[Brief descriptive captions]

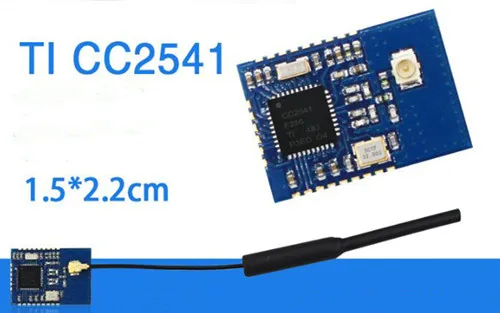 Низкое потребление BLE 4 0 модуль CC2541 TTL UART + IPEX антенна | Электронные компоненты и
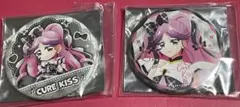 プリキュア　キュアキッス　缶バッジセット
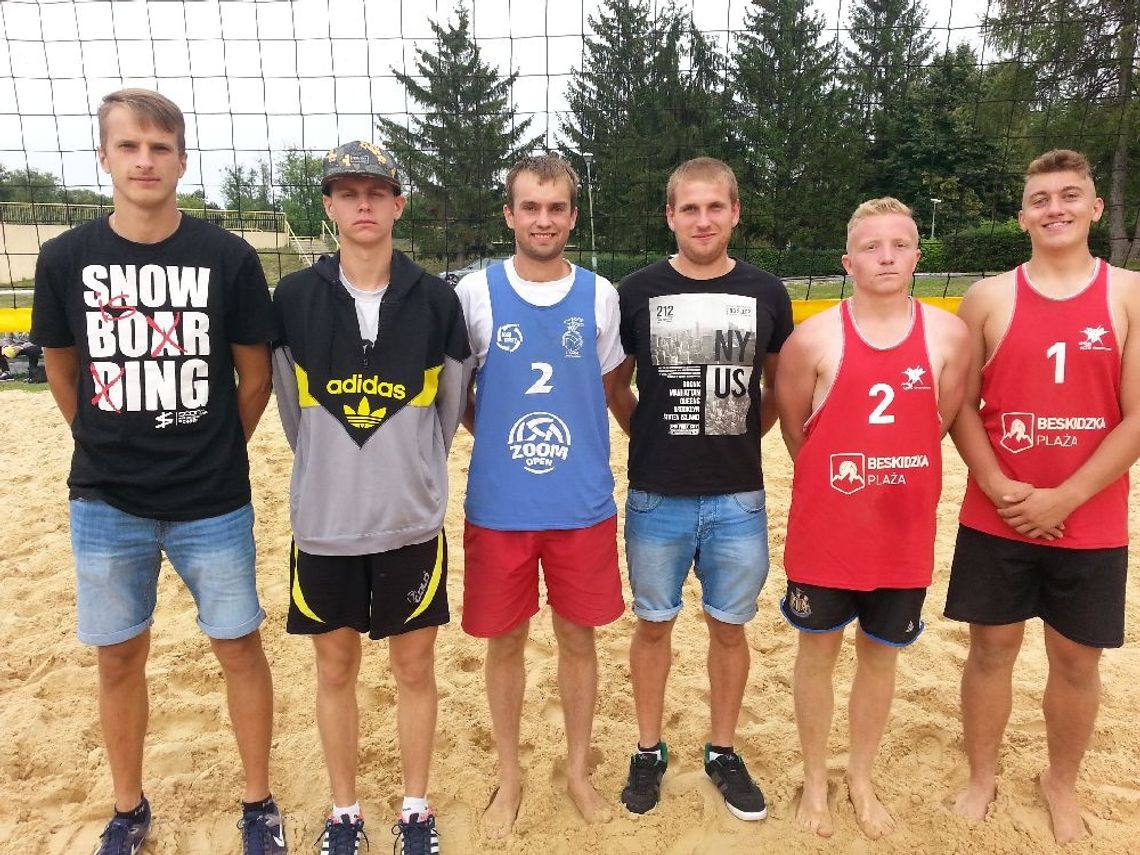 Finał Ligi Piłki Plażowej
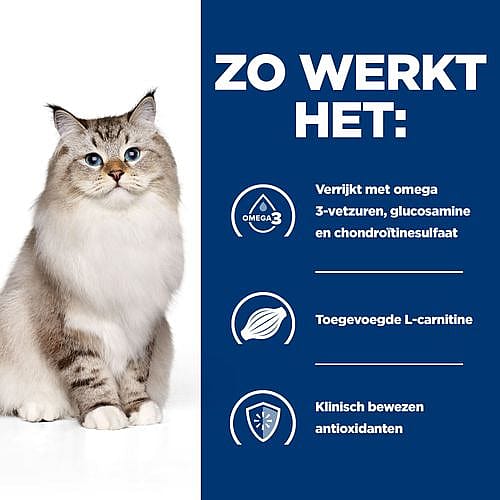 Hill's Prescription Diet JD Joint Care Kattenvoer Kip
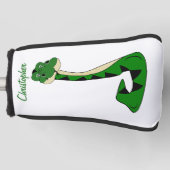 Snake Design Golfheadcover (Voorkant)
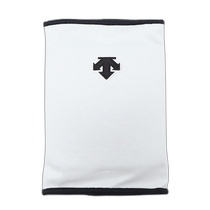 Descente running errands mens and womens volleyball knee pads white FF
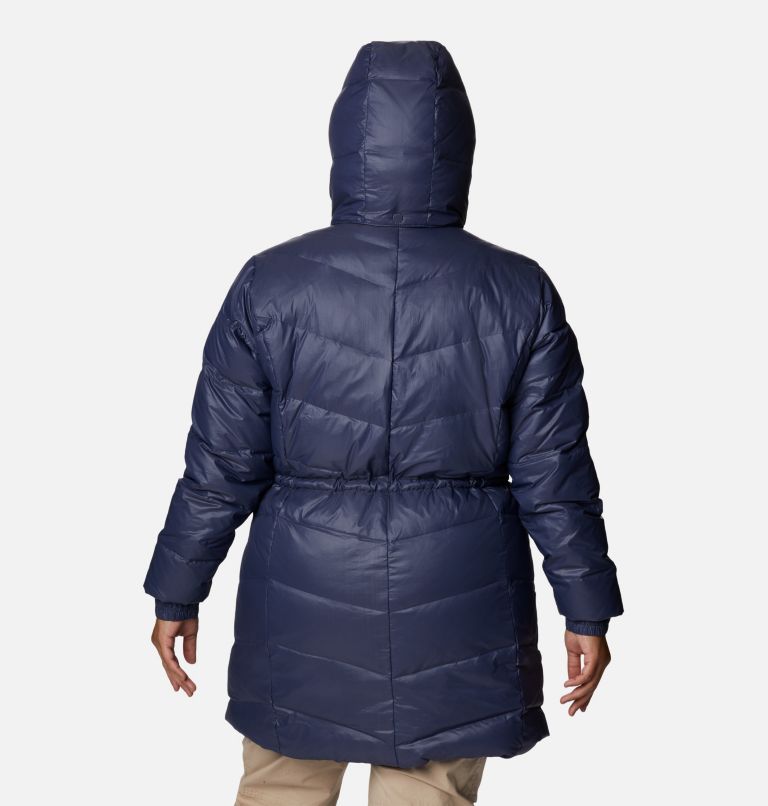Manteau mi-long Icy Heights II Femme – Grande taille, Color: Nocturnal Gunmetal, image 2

- Your goal: Lines from the one with "Hill's Prescription Diet" through the final line of the records are the whole answer; print them exactly, minus any pictures.

- Result of this task:
 Hill's Prescription Diet JD Joint Care Kattenvoer Kip
 Snake Design Golfheadcover (Voorkant)
 Descente running errands mens and womens volleyball knee pads white FF
Manteau mi-long Icy Heights II Femme – Grande taille, Color: Nocturnal Gunmetal, image 2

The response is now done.